On the plane I read the latest issue of The Paris Review, which is the purest plane reading because it's both compact and dense with content and makes you look super smart to strangers (ho ho ho, LIKE MY PERSON). One of the interviews was with nonfiction writer John McPhee (who prefers the term "factual writing" to "creative nonfiction") and the other was with Ray Bradbury, and they are shall we say antipodean on whether or not writing can be taught. McPhee says "writing teaches writing," which is the kind of thing you'll hear from a man who teaches writing at Princeton, as McPhee does, but that "it seems like a pointless exercise if you're trying to teach somebody to write the way you do." (He also has lovely things to say about Peter Benchley and former New Yorker editors William Shawn and Robert Bingham.) Bradbury says college is "a very bad place for writers because the teachers always think they know more than you do—and they don't. They have prejudices." It's not clear how he knows this, since he didn't go to college, but somebody on the inside must've talked. Whereas libraries, he says, have no biases: "I discovered that the library is the real school." They both have a lot to say about libraries.

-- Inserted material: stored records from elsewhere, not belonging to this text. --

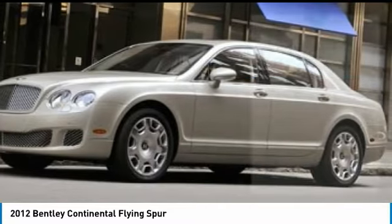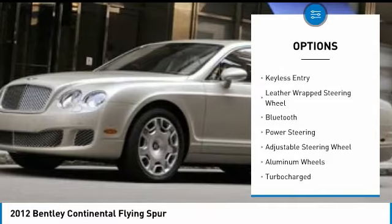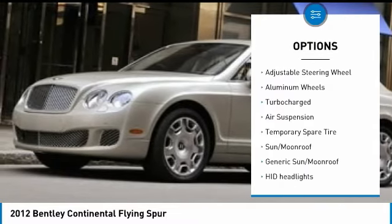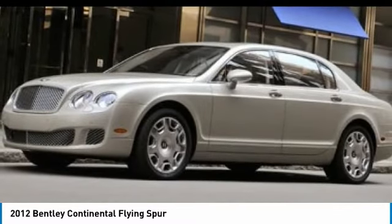Here are some of this vehicle's great options: all-wheel drive, CD changer, power passenger seat, navigation system, keyless entry, leather-wrapped steering wheel, Bluetooth, power steering, adjustable steering wheel, and aluminum wheels.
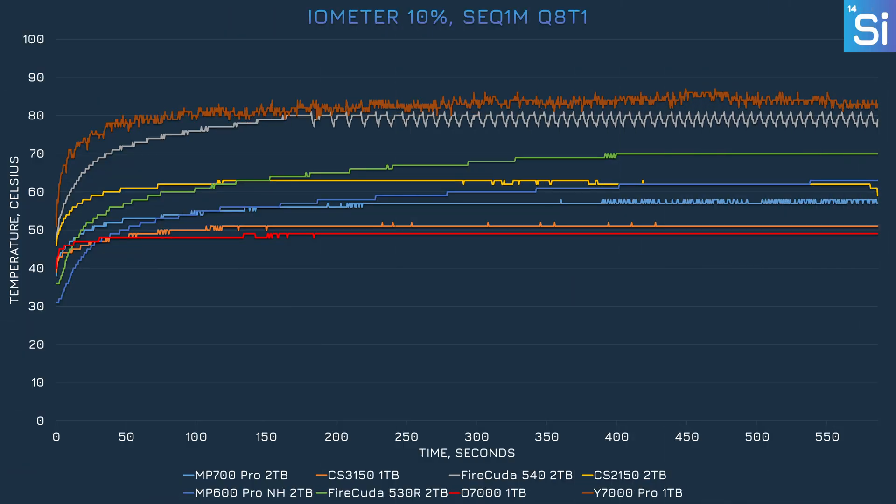We also collected temperature data from our 10% iometer run. Temperature is useful not just to see how hot drives get and whether they overheat, but also to gauge power consumption, since heat is a direct byproduct of power draw. Compared to the 540, the only other PCIe 5.0 SSD we tested without its own cooler, the CS2150 was vastly superior — it barely climbed above 60°C while the 540 easily hit 80°C and started thermal throttling. The CS2150 wasn't quite as cool as the O7000, but it was mostly the same temperature as the MP600 Pro XT, and also much cooler than the 530R. That's a pretty significant win for PNY.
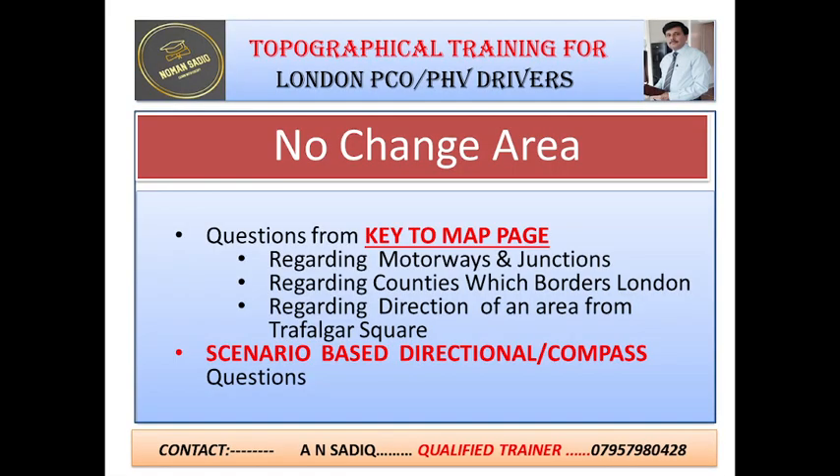Please remember that the remaining portion of the questions is still the same. There is no change in the questions from the Key to Map pages regarding motorways and junctions, regarding counties which border London, regarding the direction of an area from Trafalgar Square. And there is also no change in the scenario-based directional or compass questions.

I loved this from Bradbury:

I don’t believe in optimism. I believe in optimal behavior. That’s a different thing. If you behave every day of your life to the top of your genetics, what can you do? Test it. Find out. You don’t know—you haven’t done it yet. You must live life at the top of your voice! At the top of your lungs shout and listen to the echoes.

I also finished Gretchen Rubin's The Happiness Project, and the most important thing I learned is that like Gretchen, I am both a conversationalist know-it-all and topper, but thank goodness not a deflator. The Know-it-all: "Here is everything I know about this subject you just mentioned and did not invite me to comment on and/or lecture about." The Topper: "Wow, if you think that was bad, just wait till you hear this!" And for the sake of convenience, the Deflator, which I am not: "That thing you just mentioned you love and are excited about? That's stupid and this other thing is better than that."

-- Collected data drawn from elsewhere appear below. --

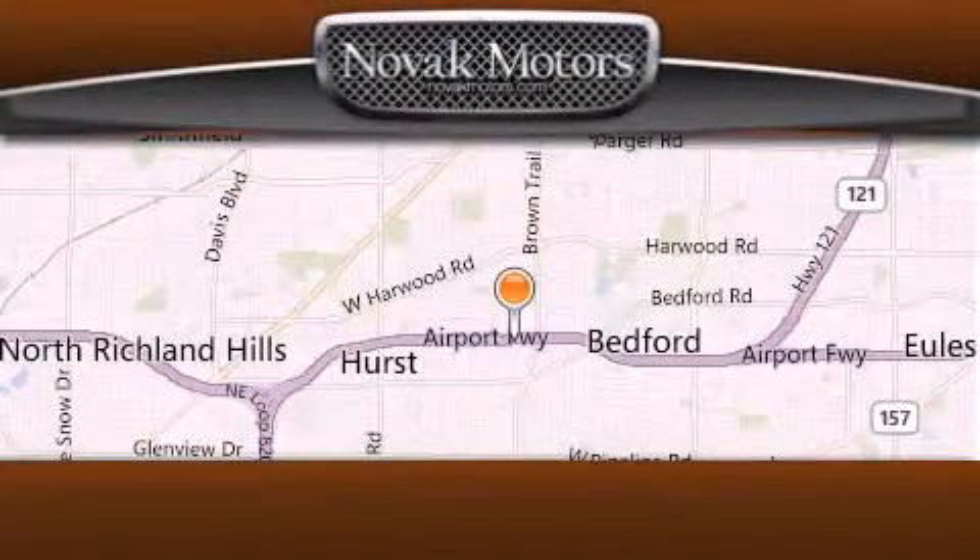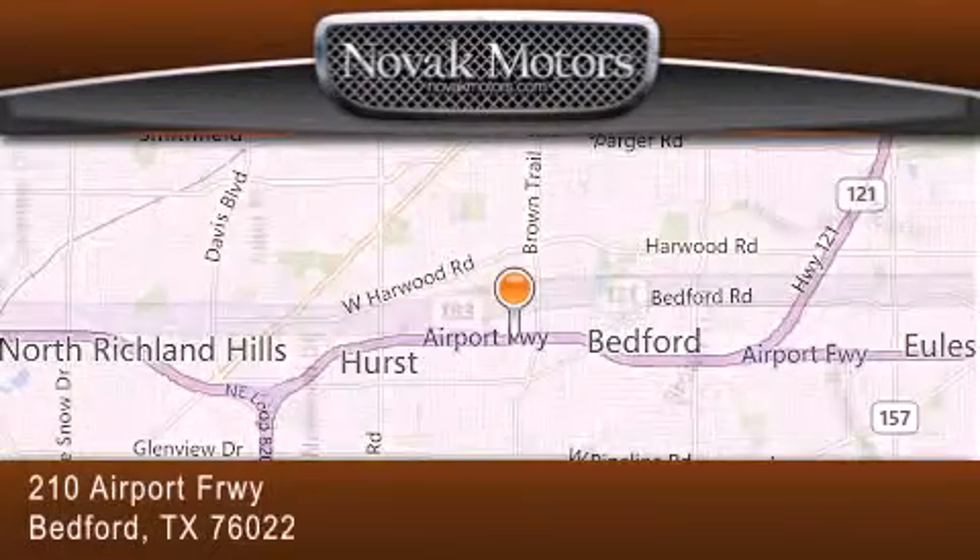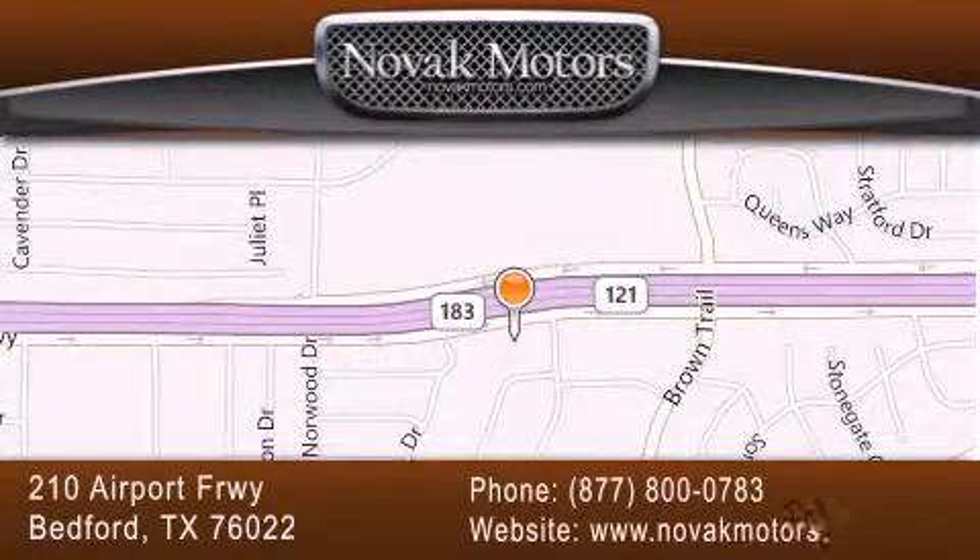Thank you for considering Novak Motors for your next luxury vehicle. If you have any questions, please visit our website, give us a call, or stop by our dealership located at 210 Airport Freeway in Bedford.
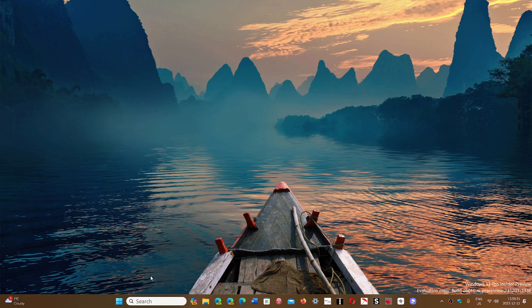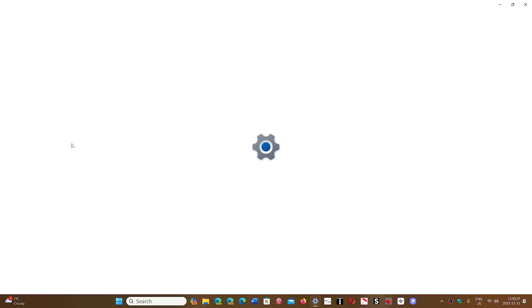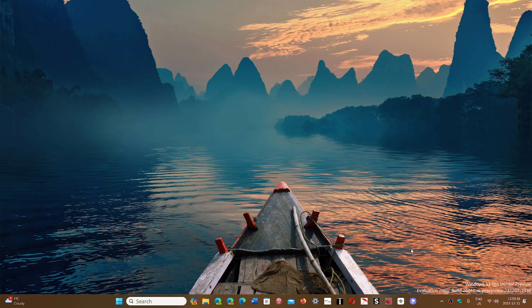If you do have a few minutes, as a lot of users seem to, then simply go into your Apps settings in Windows 10 or Windows 11, find Avira, and uninstall it. Once you uninstall it, restart your PC and things should be back to normal.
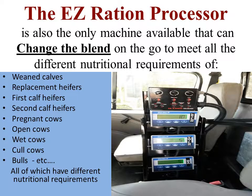The Easy Ration Processor is also the only machine available that can change the blend on the go to meet all the different nutritional requirements of weaned calves, replacement heifers, first calf heifers, second calf heifers, pregnant cows, open cows, wet cows, cold cows, bulls, and so on — all of which have a different nutritional requirement.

Gross, right? I hope I don't do that last thing.

Magic 8 Ball says: Concentrate and ask again.

What else happened?

I took a pre-party nap in Chips' office on her full-size Aerobed, which is in many sad ways more comfortable than my own real mattress, and when I awoke I performed a dramatic reading for her from the Flowers in the Attic entry in Shelf Discovery: The Teen Classics We Never Stopped Reading. I could have sworn I committed the relevant details of that book to memory decades ago, but the ol' gearshift apparently got gunked up along the way by the gritty sands of time. So I segued into my Petals on the Wind thesis, with plot points culled from a surprisingly robust Wikipedia entry. Here are the awesomest:

  1. He commits suicide in his hospital bed when he learns he will never dance again. Cathy, though guilt-ridden, is free.
  2. Corinne is not tried for murder, because she is deemed unfit to stand trial, she screams whenever Cathy visits, which causes the nurses to have only Chris to visit her, however, Corinne keeps up the facade of being insane, because she believes that Chris will tell Cathy, and that she would then be tried for murder.

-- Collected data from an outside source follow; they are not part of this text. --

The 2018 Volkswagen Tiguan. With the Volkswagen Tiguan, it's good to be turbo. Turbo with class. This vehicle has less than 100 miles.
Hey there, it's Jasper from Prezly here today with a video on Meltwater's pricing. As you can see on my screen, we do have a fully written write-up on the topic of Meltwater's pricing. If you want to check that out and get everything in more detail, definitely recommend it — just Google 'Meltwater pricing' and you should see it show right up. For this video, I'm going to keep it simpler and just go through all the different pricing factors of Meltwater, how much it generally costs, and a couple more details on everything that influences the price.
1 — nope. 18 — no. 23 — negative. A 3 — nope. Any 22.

Context would only kill it for you.

After that we watched Salsa chop mangoes and make the guacamole, and finally Mrs. Smith arrived with the Old Man and then CV and Rich and Stretch and Big Tony, and it was just like the old days again, with too much food and too many people talking too loudly all at the same time and shouting out dubious answers to Catch Phrase: Music Edition ("Mix It Up") and Taboo! which gets harder and harder to play as we get older and older and the type on those little cards gets smaller and smaller. We are Alice in Wonderland growing in both directions at once with that game.

Thank you, friends, for inviting me to the party no matter where it is or where we are. You are all still insane. This is good news!